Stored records
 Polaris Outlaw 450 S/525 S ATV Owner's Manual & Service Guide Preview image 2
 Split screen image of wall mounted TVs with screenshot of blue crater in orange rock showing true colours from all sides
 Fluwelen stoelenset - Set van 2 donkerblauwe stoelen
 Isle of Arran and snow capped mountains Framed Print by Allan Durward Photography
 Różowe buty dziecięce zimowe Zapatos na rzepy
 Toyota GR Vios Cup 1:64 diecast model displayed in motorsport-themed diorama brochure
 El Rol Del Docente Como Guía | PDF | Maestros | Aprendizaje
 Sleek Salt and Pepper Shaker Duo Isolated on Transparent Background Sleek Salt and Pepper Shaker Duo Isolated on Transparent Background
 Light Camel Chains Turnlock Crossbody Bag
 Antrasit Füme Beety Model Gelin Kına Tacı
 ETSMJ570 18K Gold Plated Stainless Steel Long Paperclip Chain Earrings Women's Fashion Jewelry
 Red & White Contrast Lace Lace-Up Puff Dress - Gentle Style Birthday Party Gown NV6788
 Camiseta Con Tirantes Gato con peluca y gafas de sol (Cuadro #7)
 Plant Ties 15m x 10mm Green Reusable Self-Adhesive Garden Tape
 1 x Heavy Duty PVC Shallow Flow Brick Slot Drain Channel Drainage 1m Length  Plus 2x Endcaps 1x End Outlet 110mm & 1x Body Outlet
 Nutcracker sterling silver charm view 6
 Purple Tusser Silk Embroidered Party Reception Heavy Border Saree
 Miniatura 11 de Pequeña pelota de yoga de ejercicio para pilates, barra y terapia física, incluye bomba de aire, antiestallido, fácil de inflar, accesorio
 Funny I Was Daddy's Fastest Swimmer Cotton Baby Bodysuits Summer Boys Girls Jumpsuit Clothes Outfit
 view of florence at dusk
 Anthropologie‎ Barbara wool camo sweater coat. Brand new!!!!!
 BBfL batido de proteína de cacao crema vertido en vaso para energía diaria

#### [Work to complete]
Which lines above hold the string "Party"? Please copy all of them.

#### [Output below]
 Red & White Contrast Lace Lace-Up Puff Dress - Gentle Style Birthday Party Gown NV6788
 Purple Tusser Silk Embroidered Party Reception Heavy Border Saree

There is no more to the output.